How to complete this task: Go through the listing below and retype exactly the lines starting at the one with "A stack of red" and ending at the one with "Bathroom featuring toilet", skipping pictures.

Input for this task:
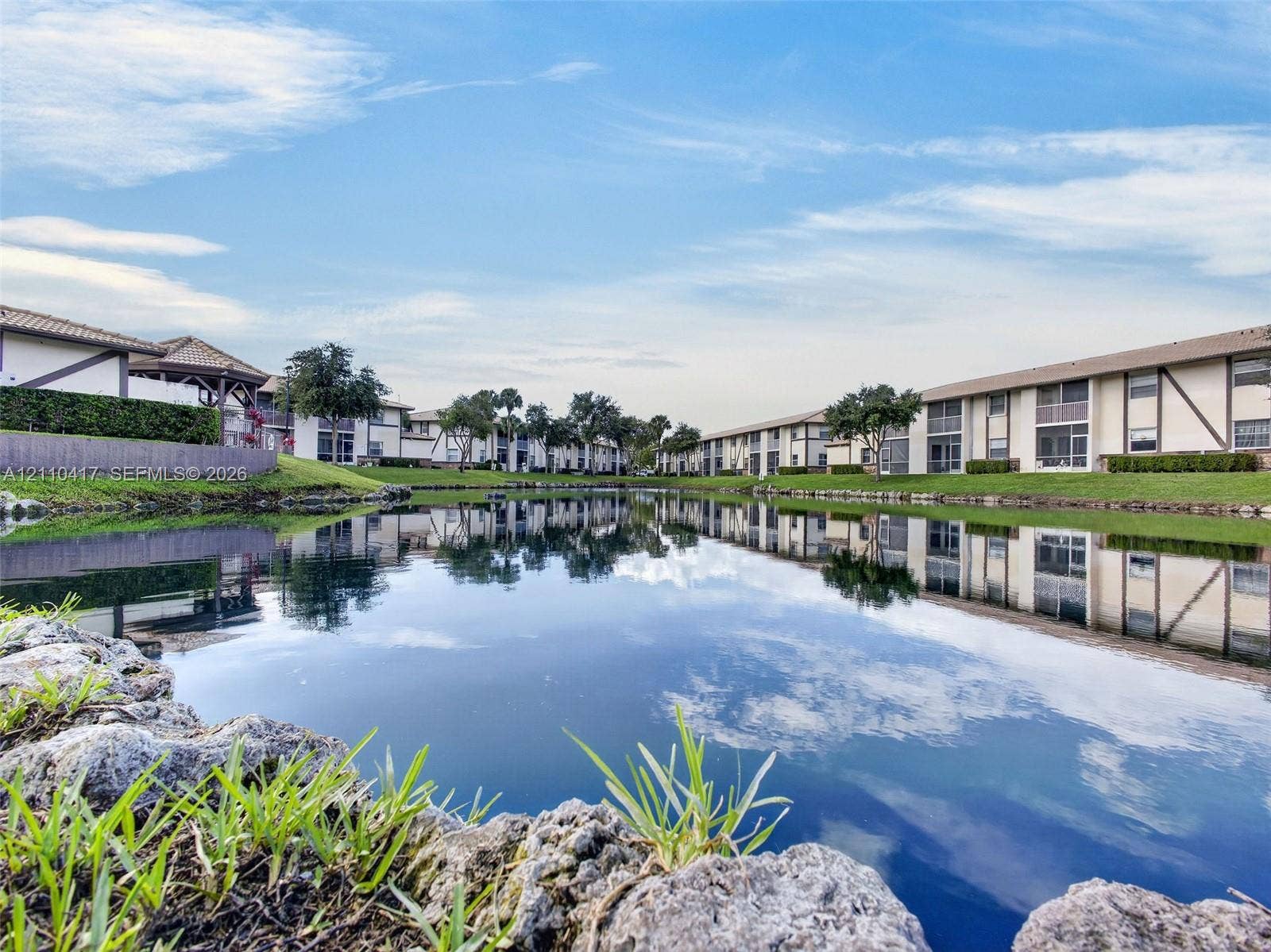 2369 NW 89th Drive, #514, Coral Springs, FL 33065 Serene waterfront setting with manicured grounds and mature landscaping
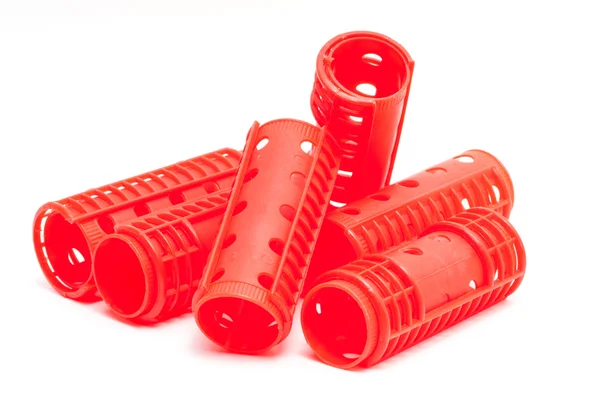 A stack of red hair rollers — Stock Photo, Image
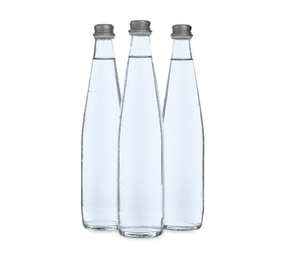 Photo of Glass bottles with soda water on white background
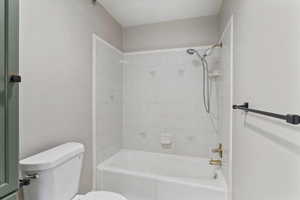 Bathroom featuring toilet and shower / bath combination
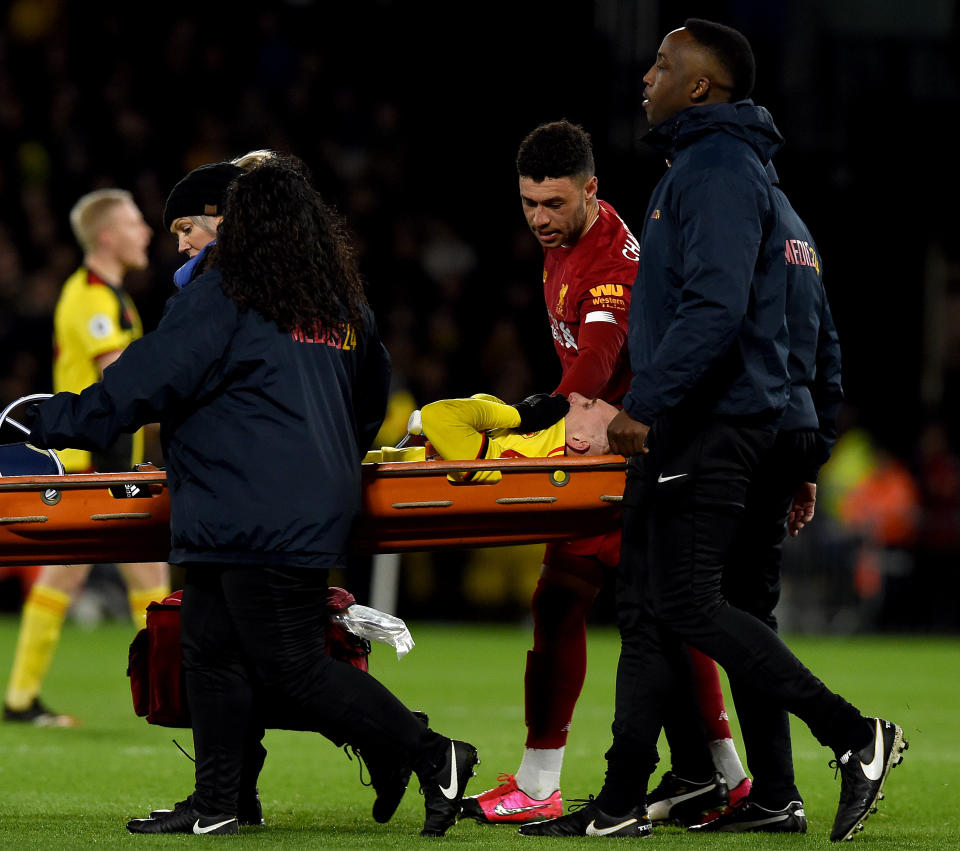 WATFORD, ENGLAND - FEBRUARY 29: (THE SUN OUT, THE SUN ON SUNDAY OUT) Alex Oxlade-Chamberlain of Liverpool consoles with Gerard Deulofeu of Watford as he is stretchered off with an injury during the Premier League match between Watford FC and Liverpool FC at Vicarage Road on February 29, 2020 in Watford, United Kingdom. (Photo by John Powell/Liverpool FC via Getty Images)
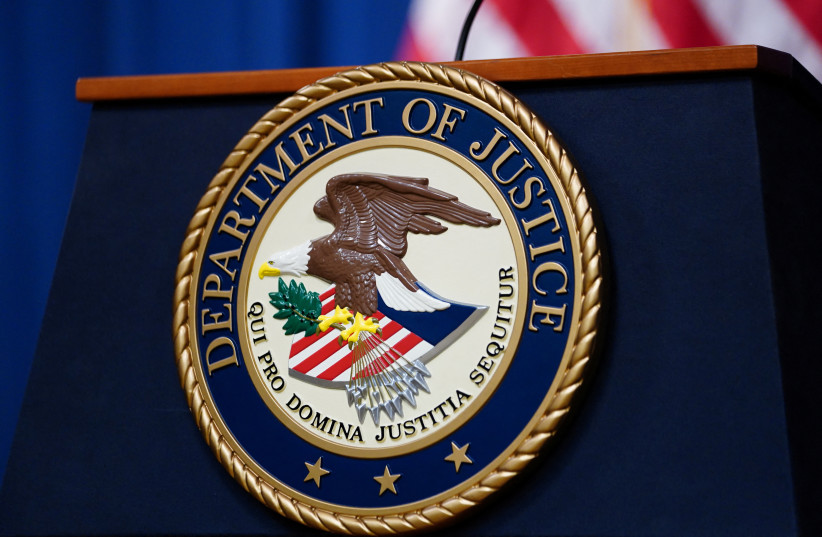 The seal of the US Justice Department is seen on the podium in the Department's headquarters briefing room before a news conference with the Attorney General in Washington, January 24, 2023. (credit: REUTERS/KEVIN LAMARQUE) The seal of the US Justice Department is seen on the podium in the Department's headquarters briefing room before a news conference with the Attorney General in Washington, January 24, 2023. (credit: REUTERS/KEVIN LAMARQUE)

Answer space:
 A stack of red hair rollers — Stock Photo, Image
 Photo of Glass bottles with soda water on white background
 Bathroom featuring toilet and shower / bath combination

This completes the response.